- DVD cover
- Directed by: Shinobu Yaguchi
- Written by: Shinobu Yaguchi
- Produced by: Takashi Ishihara; Minami Ichikawa; Kiyoshi Nagai;
- Starring: Fumiyo Kohinata; Eri Fukatsu; Yuki Izumisawa; Wakana Aoi;
- Cinematography: Takahito Kasai
- Edited by: Ryūji Miyajima
- Music by: Takuji Nomura
- Production companies: Altamira Pictures; Dentsu; Fuji Television;
- Distributed by: Toho
- Release dates: December 11, 2016 (MIFF); February 11, 2017 (Japan);
- Running time: 117 minutes
- Country: Japan
- Language: Japanese

= Survival Family =

2017 Japanese drama comedy film

Survival Family (サバイバルファミリー, Sabaibaru famirī) is a 2016 Japanese road drama comedy survival film directed by Shinobu Yaguchi. The film was produced by Takashi Ishihara, Minami Ichikawa, and Kiyoshi Nagai and premiered at the 2016 Macao International Film Festival (MIFF), before being released on Japanese theaters on February 11, 2017. The film centers on a modern Japanese suburban family facing their hardships as they traverse across Japan on bicycles amidst a nationwide blackout.

== Plot ==

In modern-day Japan, the hedonistic and dysfunctional middle-class Suzuki family – white-collar worker Yoshiyuki, his wife Mitsue, and their high school children, Kenji and Yui – resides in a suburban apartment complex in Tokyo, focusing on their own personal lives and hardly spending time with each other. The whole city inexplicably suffers a total blackout as all modern appliances and man-made infrastructure stops working.

His senior boss lays off all the workers and advises Yoshiyuki to head to the countryside until the power can be restored. Eventually, they decide to leave and head to Kagoshima, where Mitsue's father lives there. After initially heading to Haneda Airport to take flight, the Suzukis makes an arduous trek to Kagoshima on bicycles–being one of the few modes of transportation that can operate without electricity. When they rest at a highway stop, one of the civilians asks if they could spare some water, but Yoshiyuki–wanting to save as much food and water as possible–claims that they only had their last bottle. That night however, one of the bottles was stolen by a thief while they are sleeping. Kenji gives chase, but upon noticing that the thief was actually a desperate husband who has a wife and a newborn child, he abandons the pursuit.

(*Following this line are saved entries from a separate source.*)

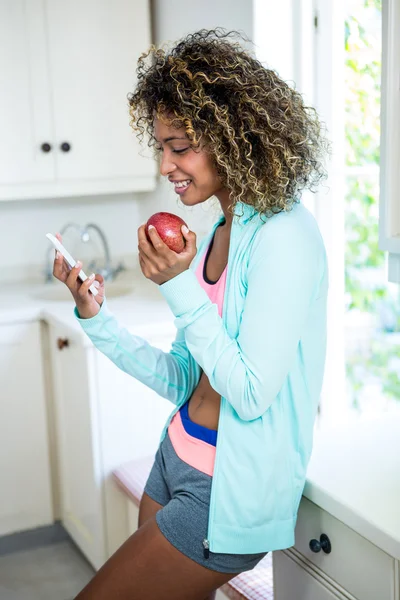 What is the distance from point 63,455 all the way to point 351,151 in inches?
57.3

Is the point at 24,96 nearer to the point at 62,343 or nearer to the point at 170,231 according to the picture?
the point at 62,343

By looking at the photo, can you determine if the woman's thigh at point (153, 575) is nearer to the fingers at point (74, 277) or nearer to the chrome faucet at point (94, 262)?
the fingers at point (74, 277)

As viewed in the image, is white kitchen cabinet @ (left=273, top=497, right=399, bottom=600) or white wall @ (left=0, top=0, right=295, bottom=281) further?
white wall @ (left=0, top=0, right=295, bottom=281)

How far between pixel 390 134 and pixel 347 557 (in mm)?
757

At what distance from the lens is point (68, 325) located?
2326mm

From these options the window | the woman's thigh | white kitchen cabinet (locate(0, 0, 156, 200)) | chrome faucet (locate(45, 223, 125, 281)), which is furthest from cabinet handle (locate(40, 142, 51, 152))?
the woman's thigh

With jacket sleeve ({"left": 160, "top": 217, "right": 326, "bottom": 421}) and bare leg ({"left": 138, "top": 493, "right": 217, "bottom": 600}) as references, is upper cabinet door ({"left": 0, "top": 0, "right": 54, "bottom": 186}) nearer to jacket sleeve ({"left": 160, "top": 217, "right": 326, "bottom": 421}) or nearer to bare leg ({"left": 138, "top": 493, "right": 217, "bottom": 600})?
bare leg ({"left": 138, "top": 493, "right": 217, "bottom": 600})

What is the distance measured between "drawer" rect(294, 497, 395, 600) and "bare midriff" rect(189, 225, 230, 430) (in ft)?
0.73

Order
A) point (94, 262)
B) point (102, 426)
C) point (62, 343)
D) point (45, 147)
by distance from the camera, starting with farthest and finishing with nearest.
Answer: point (94, 262) → point (45, 147) → point (62, 343) → point (102, 426)

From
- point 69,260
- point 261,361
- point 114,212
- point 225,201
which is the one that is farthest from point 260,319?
point 114,212

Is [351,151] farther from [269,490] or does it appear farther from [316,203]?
[269,490]

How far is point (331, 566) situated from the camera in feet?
4.12

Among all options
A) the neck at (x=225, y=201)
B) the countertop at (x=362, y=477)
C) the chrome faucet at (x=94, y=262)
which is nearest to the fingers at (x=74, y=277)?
the neck at (x=225, y=201)

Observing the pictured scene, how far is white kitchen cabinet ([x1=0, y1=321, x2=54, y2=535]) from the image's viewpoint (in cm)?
258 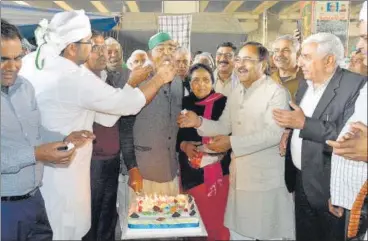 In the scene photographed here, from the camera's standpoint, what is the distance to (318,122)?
1.26 m

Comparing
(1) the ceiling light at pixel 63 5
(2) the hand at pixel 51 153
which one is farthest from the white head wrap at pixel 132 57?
(2) the hand at pixel 51 153

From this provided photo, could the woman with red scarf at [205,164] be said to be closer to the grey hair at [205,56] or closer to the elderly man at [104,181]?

The family comes across a dark highway tunnel. A group of blind elderly women nearby offers the family a safe passage through the tunnel in exchange for food. When the water supplies ran dry, the family ducks underneath the bridge to seek shelter from a typhoon, but Yoshiyuki, having drank the water from the river, suffers from diarrhea. With all their clothes and the remaining supplies swept away by the storm; the Suzukis have to survive on eating pet food and battery water. Kenji's bike was damaged, but he was able to repair the bike using part of his phone case to repair the wheel.

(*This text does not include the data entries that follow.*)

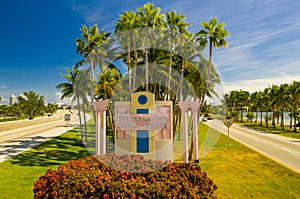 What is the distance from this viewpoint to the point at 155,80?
105ft

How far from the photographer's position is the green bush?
26.4ft

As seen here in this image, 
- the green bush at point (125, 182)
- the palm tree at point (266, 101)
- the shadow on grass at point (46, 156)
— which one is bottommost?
the shadow on grass at point (46, 156)

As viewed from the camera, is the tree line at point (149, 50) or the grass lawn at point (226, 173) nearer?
the grass lawn at point (226, 173)

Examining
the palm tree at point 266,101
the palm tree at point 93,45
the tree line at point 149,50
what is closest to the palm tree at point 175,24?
the tree line at point 149,50

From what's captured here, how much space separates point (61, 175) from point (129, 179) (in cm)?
262

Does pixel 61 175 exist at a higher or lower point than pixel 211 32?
lower

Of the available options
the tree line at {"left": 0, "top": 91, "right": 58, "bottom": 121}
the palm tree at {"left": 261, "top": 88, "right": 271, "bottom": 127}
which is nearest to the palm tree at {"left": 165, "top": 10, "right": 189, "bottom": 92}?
the palm tree at {"left": 261, "top": 88, "right": 271, "bottom": 127}

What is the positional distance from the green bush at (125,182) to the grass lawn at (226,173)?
12.5 feet

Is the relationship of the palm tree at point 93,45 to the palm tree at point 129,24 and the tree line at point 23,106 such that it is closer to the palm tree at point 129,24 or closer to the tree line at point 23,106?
the palm tree at point 129,24

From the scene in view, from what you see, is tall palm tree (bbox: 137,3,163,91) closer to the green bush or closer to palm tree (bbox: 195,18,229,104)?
palm tree (bbox: 195,18,229,104)

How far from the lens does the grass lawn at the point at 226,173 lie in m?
12.6

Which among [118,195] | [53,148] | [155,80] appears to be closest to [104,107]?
[118,195]

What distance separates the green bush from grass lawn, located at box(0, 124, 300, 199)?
380 centimetres

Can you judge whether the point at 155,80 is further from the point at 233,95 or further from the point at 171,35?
the point at 233,95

They come across a survivalist Saito family, who survives on dried food and roadside weeds, before they eventually part ways as they decide to travel to Nagoya. The Suzukis comes across an aquarium at Osaka where the people line up for food, but unfortunately, all the food supply ran out. A depressed and exhausted Yoshiyuki spots and kills a pig on a nearby field, A resident from a nearby village, Zennichi Tanaka, cuts off the pig's organs and takes them inside his house, where he lived with his elderly wife. With his home stocked with smoked meat, the Suzukis indulgingly agree to work with Tanaka to help him out with his chores in exchange for eating his smoked meat for dinner.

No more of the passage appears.